MATERIAL FOR THE TASK:
::::::::
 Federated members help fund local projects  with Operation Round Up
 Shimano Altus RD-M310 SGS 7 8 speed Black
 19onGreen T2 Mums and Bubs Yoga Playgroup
::::::::
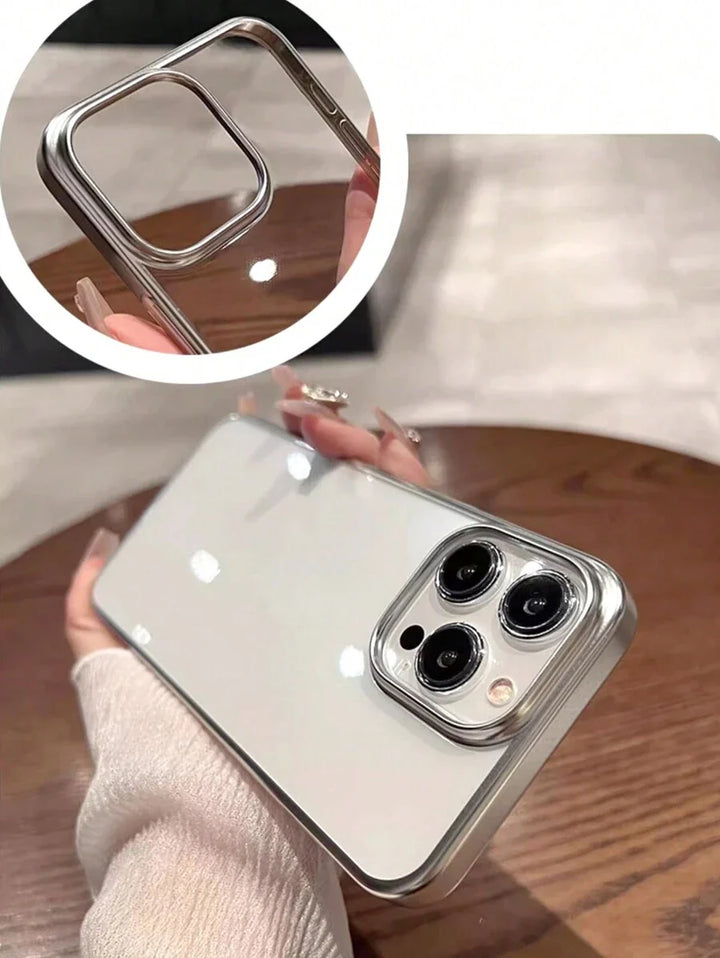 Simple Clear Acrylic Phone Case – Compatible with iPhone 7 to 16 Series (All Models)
::::::::
THE PROBLEM:
From the material above, retype precisely the lines between the line holding "Federated members help" and the line holding "19onGreen T2 Mums and Bubs Yoga Playgroup", inclusive, and nothing beyond them.

ANSWER BOX:
 Federated members help fund local projects  with Operation Round Up
 Shimano Altus RD-M310 SGS 7 8 speed Black
 19onGreen T2 Mums and Bubs Yoga Playgroup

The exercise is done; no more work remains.